SkyBox International Inc.
- Formerly: Impel Marketing
- Company type: Public corporation
- Industry: trading cards
- Genre: sports entertainment
- Founded: 1990; 36 years ago
- Defunct: 1995; 31 years ago
- Fate: Merged with Fleer
- Successor: Fleer/SkyBox International
- Headquarters: Durham, North Carolina, US
- Products: trading cards milk caps
- Brands: SkyBox SkyCaps
- Parent: Brooke Groups, Inc. (1989-1992); public (1993-1995); Marvel Entertainment Group (1995);

= SkyBox International =

American trading card company

SkyBox International Inc., formerly Impel Marketing, was an American trading card manufacturing company based in Durham, North Carolina started in 1990 and operated until 1995.

==History==
===Impel Marketing===
In 1990, The Liggett Group Inc., a U.S. tobacco company, announced it would change its name to Brooke Group Ltd. and split into two subsidiaries, Liggett Group Inc. and Impel Marketing Inc. Liggett covered the tobacco business, while Impel covered its non-tobacco activities. At the time of the announcement, the company had small businesses in collectible football and basketball cards as well as confectionery products, both of which used the same distribution channels as cigarettes. Impel was to be headquartered in Durham, North Carolina and was expected to broaden the scope of the company's sports and entertainment business.

===SkyBox===
Impel Marketing changed its name to SkyBox International Inc. in April 1992. That same year, the company appointed Magic Johnson as its spokesperson. In June 1993, SkyBox started making milk caps under the name SkyCaps beginning with DC SkyCaps. Later that year, Brooke Group, Inc. spun SkyBox off as a NASDAQ traded public company.
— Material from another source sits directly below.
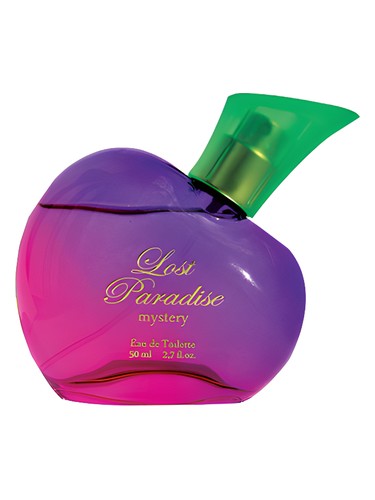Frasco de Lost Paradise Mystery, de Sergio Nero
On March 10, 1995, Marvel Entertainment, a comic book publisher and maker of Fleer baseball and hockey cards, announced a purchase of SkyBox for $150 million which was completed two months later in May.
Marvel merged SkyBox and Fleer as Fleer/SkyBox International and The company headquarters were moved from Downtown Durham, NC to Mount Laurel, NJ. The company was later sold to Alex Grass and his son, Roger Grass in February 1999.

==Products==
SkyBox produced many licensed non-sports trading cards, including sets for Disney (1995), Star Trek (since 1993) and Marvel Comics (2010). SkyBox also produced SkyCaps, its milk caps games brand. Cap series included DC Comics characters, Jurassic Park, Batman: Knightfall, and a National Football League series.

One of the first card companies on the Internet, SkyBox branched into multimedia, producing CD-ROM collectibles and games. With Skyborg: Into the Vortex, the company stated, "SkyBox is well-known for its marketing and technological innovations, of which this first-ever interactive, multimedia card line, which is also SkyBox's first CD-ROM product, is only the most recent example."